Se recomienda el contacto piel con piel inmediato e ininterrumpido tras el parto, colocando al recién nacido en decúbito prono, desnudo, con la cabeza ladeada sobre el abdomen y el pecho desnudo de la madre durante los primeros 120 minutos tras el nacimiento. Se recomienda secar suavemente la cabeza y la espalda del recién nacido, pero no sus manos. Para evitar la pérdida de calor, se recomienda cubrirle con una manta precalentada y ponerle un gorro.

Se recomienda dejar que el recién nacido se agarre espontáneamente al pecho durante el periodo de contacto piel con piel. No se conoce cuál es el tiempo máximo que se puede esperar para que el recién nacido se agarre al pecho. Si a pesar de la ayuda prestada no se consigue una 1.ª toma, se debería informar a la madre sobre los signos precoces de hambre y sobre cómo identificar los signos y síntomas de alarma.

  • Señales tempranas de hambre: se agita, abre la boca, mueve la cabeza.
  • Señales intermedias: se estira, mueve el cuerpo, se lleva la mano a la boca.
  • En ambas, amamantar.
  • Señales tardías: llora, tiene movimientos agitados y se pone colorado.

En casos de separación o cuando no haya empezado la succión de forma eficaz, se sugiere que la madre se extraiga calostro precozmente. Se sugiere utilizar la postura de afianzamiento espontáneo, también denominada postura de crianza biológica® (madre semirreclinada y recién nacido colocado en prono sobre su cuerpo), que facilita que se pongan en marcha conductas instintivas en la madre y en el recién nacido y favorece el agarre espontáneo al pecho materno, especialmente durante los primeros días y si se presentan dificultades con la lactancia.

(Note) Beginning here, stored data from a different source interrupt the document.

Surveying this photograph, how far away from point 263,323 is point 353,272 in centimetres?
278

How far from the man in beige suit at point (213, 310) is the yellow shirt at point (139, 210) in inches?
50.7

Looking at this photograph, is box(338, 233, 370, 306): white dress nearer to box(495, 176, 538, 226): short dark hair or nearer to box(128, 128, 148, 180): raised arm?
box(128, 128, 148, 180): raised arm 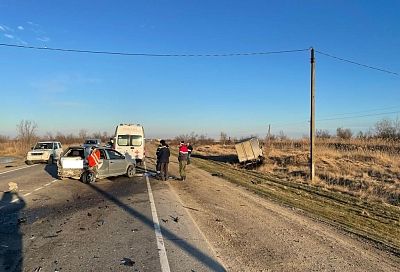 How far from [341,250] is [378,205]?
30.1ft

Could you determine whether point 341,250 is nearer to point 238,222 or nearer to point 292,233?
point 292,233

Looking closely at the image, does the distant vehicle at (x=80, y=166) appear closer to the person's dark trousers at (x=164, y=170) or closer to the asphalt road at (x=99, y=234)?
the person's dark trousers at (x=164, y=170)

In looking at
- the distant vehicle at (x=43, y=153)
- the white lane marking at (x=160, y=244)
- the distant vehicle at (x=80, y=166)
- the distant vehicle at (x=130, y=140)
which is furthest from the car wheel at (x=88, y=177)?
the distant vehicle at (x=43, y=153)

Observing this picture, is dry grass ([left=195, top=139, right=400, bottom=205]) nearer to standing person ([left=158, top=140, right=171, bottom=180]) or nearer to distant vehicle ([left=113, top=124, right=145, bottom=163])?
standing person ([left=158, top=140, right=171, bottom=180])

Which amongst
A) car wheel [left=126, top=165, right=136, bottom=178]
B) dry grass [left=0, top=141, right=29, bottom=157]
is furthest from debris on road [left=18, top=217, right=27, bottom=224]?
dry grass [left=0, top=141, right=29, bottom=157]

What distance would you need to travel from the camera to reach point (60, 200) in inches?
538

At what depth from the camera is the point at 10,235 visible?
333 inches

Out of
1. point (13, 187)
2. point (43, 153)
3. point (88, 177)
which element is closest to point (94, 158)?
point (88, 177)

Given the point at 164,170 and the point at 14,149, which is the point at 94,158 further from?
the point at 14,149

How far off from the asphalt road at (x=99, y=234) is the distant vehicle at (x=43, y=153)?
19072 mm

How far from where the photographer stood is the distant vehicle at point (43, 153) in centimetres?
3338

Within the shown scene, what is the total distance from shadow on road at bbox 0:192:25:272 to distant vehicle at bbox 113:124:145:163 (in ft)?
43.1

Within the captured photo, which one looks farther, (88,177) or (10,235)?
(88,177)

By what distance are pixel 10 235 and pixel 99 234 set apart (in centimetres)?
173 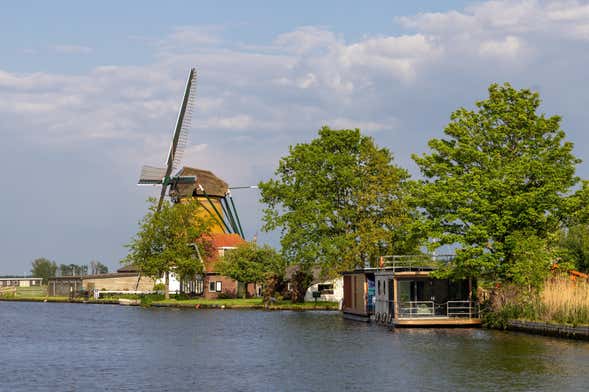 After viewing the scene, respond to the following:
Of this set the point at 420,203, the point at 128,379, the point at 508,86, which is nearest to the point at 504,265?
the point at 420,203

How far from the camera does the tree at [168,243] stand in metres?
121

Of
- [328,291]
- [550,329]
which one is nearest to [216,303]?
[328,291]

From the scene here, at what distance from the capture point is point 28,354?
52844mm

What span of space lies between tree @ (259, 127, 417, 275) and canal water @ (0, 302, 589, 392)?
1786 centimetres

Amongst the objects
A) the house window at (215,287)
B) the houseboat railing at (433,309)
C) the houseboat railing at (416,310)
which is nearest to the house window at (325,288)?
the house window at (215,287)

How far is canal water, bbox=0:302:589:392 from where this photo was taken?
38344mm

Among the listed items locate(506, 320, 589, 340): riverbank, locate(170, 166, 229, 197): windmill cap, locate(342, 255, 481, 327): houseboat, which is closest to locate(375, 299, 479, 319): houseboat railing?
locate(342, 255, 481, 327): houseboat

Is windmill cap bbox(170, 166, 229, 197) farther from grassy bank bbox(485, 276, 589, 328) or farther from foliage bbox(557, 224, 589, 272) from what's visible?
grassy bank bbox(485, 276, 589, 328)

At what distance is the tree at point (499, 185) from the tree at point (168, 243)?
56968mm

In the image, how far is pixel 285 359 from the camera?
48188 millimetres

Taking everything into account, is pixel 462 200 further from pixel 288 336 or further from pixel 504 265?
pixel 288 336

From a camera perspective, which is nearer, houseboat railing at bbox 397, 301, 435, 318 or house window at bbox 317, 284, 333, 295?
houseboat railing at bbox 397, 301, 435, 318

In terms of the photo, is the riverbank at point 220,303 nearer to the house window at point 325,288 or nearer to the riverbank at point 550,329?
the house window at point 325,288

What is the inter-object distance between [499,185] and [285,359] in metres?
23.0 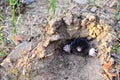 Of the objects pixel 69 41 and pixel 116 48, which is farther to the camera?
pixel 69 41

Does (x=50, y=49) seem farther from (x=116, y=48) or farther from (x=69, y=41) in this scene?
(x=116, y=48)

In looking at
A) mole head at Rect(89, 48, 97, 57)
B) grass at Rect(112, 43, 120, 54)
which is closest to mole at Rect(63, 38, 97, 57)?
mole head at Rect(89, 48, 97, 57)

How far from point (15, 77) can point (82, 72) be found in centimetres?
51

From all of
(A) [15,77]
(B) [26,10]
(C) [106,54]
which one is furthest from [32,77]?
(B) [26,10]

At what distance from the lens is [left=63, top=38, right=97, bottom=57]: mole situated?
2705 millimetres

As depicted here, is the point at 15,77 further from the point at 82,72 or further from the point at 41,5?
the point at 41,5

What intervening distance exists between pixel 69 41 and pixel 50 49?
9.2 inches

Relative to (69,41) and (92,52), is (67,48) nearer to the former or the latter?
(69,41)

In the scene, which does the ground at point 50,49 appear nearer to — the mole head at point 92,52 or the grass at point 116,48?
the mole head at point 92,52

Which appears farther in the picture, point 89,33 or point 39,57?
point 89,33

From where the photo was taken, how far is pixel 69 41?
2795 mm

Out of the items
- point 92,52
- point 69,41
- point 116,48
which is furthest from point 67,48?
point 116,48

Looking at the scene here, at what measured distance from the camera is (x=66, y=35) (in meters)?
2.77

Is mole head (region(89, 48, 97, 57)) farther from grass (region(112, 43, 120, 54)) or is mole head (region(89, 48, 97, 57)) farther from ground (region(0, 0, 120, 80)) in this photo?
grass (region(112, 43, 120, 54)) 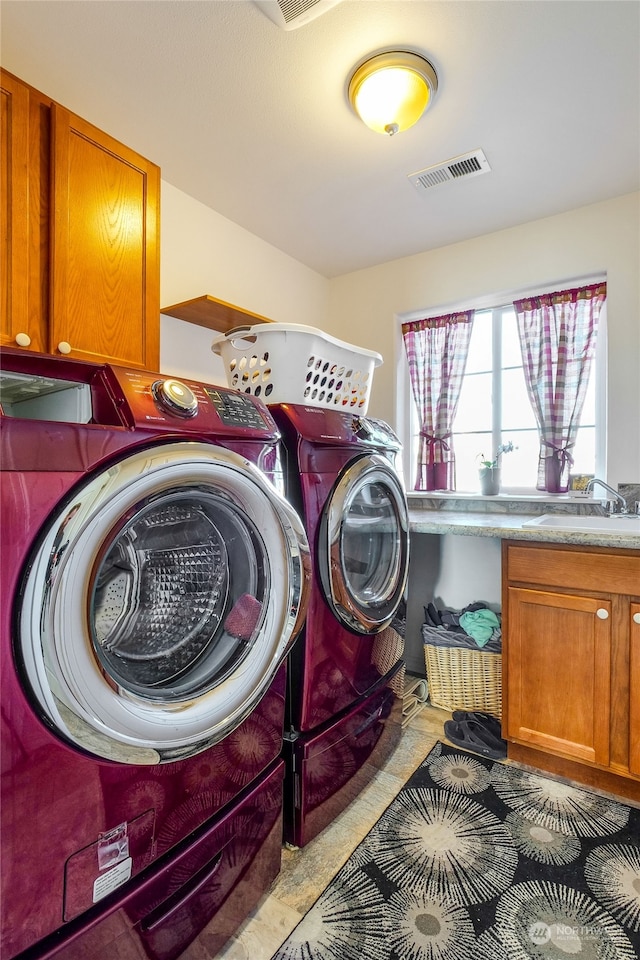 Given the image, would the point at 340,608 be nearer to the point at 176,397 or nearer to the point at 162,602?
the point at 162,602

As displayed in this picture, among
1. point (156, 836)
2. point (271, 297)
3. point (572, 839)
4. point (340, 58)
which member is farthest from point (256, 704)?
point (271, 297)

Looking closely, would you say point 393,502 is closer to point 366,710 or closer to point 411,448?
point 366,710

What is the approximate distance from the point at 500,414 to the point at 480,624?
119 cm

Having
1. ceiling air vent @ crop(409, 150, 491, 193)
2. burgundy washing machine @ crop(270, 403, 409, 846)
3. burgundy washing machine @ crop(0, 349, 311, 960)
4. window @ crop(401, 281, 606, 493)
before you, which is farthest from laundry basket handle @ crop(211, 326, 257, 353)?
window @ crop(401, 281, 606, 493)

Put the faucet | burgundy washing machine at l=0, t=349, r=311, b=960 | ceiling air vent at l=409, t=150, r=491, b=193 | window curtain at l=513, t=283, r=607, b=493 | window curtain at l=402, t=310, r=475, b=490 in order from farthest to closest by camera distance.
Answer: window curtain at l=402, t=310, r=475, b=490 → window curtain at l=513, t=283, r=607, b=493 → the faucet → ceiling air vent at l=409, t=150, r=491, b=193 → burgundy washing machine at l=0, t=349, r=311, b=960

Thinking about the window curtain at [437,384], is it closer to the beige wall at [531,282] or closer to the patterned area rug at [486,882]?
the beige wall at [531,282]

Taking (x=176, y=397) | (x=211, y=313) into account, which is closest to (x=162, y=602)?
(x=176, y=397)

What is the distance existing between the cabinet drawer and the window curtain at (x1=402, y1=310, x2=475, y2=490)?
40.8 inches

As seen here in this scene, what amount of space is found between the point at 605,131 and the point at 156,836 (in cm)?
265

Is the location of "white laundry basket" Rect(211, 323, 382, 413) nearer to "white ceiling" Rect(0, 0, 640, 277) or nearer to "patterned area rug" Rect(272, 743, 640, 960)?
"white ceiling" Rect(0, 0, 640, 277)

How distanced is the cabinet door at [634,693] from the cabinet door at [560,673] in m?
0.07

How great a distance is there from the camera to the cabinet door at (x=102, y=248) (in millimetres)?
1503

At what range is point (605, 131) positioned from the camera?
6.05 feet

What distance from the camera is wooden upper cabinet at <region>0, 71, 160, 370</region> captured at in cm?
141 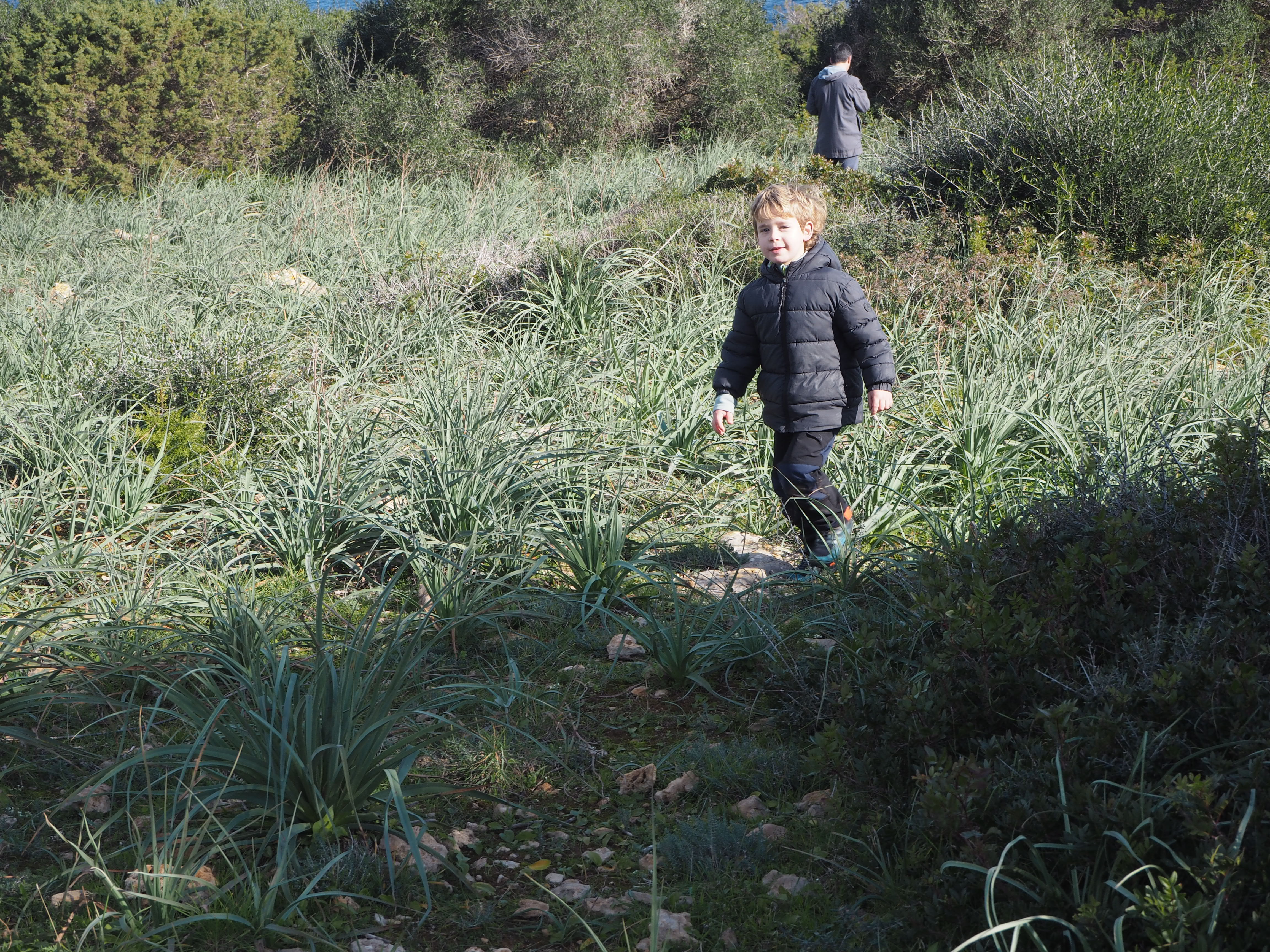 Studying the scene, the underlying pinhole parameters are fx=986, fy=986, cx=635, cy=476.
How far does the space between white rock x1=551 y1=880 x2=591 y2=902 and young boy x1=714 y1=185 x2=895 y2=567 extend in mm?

Se sugiere el colecho en la maternidad como una práctica que favorece el buen inicio de la lactancia materna, siempre y cuando se mantengan las condiciones que permiten un colecho seguro. Se sugiere el colecho en el hogar (en cama o en cuna-sidecar) como una opción que puede ayudar a la madre a mantener la lactancia materna. Se recomienda informar a las madres y a las familias del peligro que supone para la seguridad del lactante. Se sugiere evitar siempre que sea posible el uso del chupete durante el primer mes para facilitar el buen inicio de la lactancia materna.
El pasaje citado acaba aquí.